When a bug is found, the first step is writing a failing test — not patching the code. This follows the mold refinement workflow: add a wall (test), regenerate, confirm the wall holds. The pdd bug command automates this: it analyzes the bug and creates a failing test. pdd fix then resolves it. The test permanently prevents recurrence.
Structure prompts from high-level architecture to detailed implementations. Large systems use a graph of prompt modules, each scoped to one file or concern, linked via minimal runnable examples that act as interfaces.
Each module has a minimal runnable example demonstrating intended use. This example is the interface consumed by dependent modules. Including only the example (rather than the full implementation) saves ~90% of tokens while providing the same contract information.

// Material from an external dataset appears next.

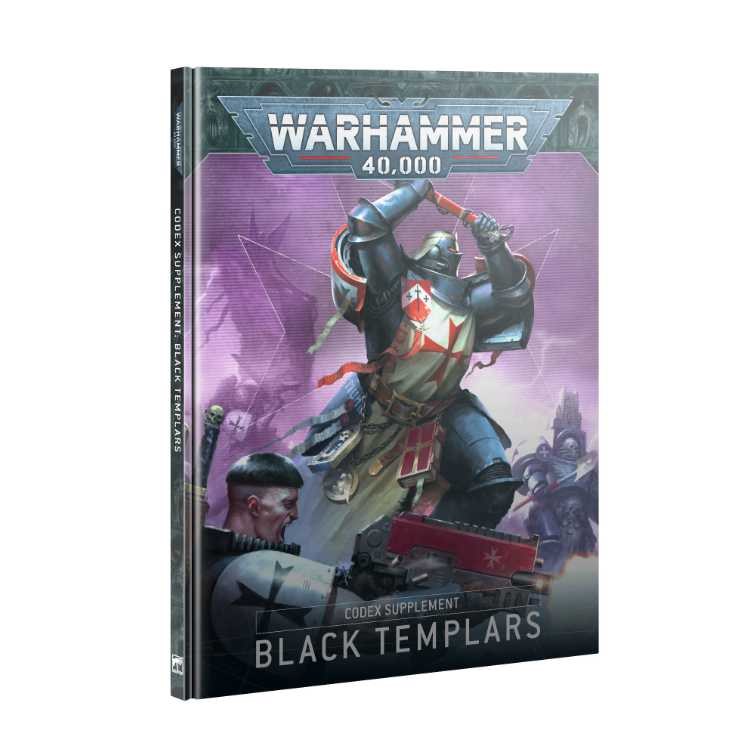 Codex Supplement: Black Templars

PDD vs interactive patching tools

Tools like Claude Code and Cursor excel at local, interactive edits. PDD is designed for a different purpose:
DimensionPDDInteractive tools (Claude Code, Cursor)
Source of truthPrompt is primary and versionedCode is primary; prompts are ephemeral
WorkflowBatch-oriented, reproducible runsLive chat loops; implicit context
ScopeScoped modules with clear interfacesLocal diffs; struggles as history grows
SynchronizationPrompts updated after fixes; tests accumulatePrompt history rarely persists; docs drift
Context window100% allocated to generation task30–50% consumed by agent overhead
The context window difference matters for hard problems. Interactive agentic tools must dedicate tokens to system prompts, tool definitions, MCP configs, and chat history that grows unbounded. PDD’s batch architecture keeps operational complexity outside the context window — every token serves the generation task.
Use PDD for new modules, refactors, and anything requiring long-term maintainability. Use interactive patching for trivial hotfixes, then run pdd update to keep the prompt synchronized.

Core doctrine summary

The PDD doctrine distills to twelve principles:
Versioned prompts define behavior and constraints. Code, examples, tests, infra, and docs are generated artifacts.
Change the prompt, then regenerate affected surfaces. Avoid local edits that drift intent from implementation.
Always back-propagate implementation learnings to prompts. Keep prompts, code, examples, and tests in continuous sync.
Never discard passing tests after regeneration. Grow a regression net that preserves behavior as the system evolves.
Model systems as composable prompt modules linked via minimal usage examples that act as clear interfaces.
Capture goals (e.g., “Black Friday scale,” “HIPAA”), not just resource settings. Generation maps intent to implementation.
Prefer deterministic, scriptable batch generation over interactive patching. Optimize for reproducibility and cost.
Consolidate requirements, rationale, and constraints inside prompts to reduce scattered context across tickets and docs.
Evolve prompts and regenerate even if code diffs are large. Preserve behavior with tests, not line-level inertia.
Few-shot examples and patterns compound. Treat examples as assets that improve quality and reduce cost over time.
Express compliance and threat models in prompts; verify via tests and infra policies on every regeneration.
Provide powerful generation flows with sensible conventions (naming, structure, tests) to prevent foot-guns.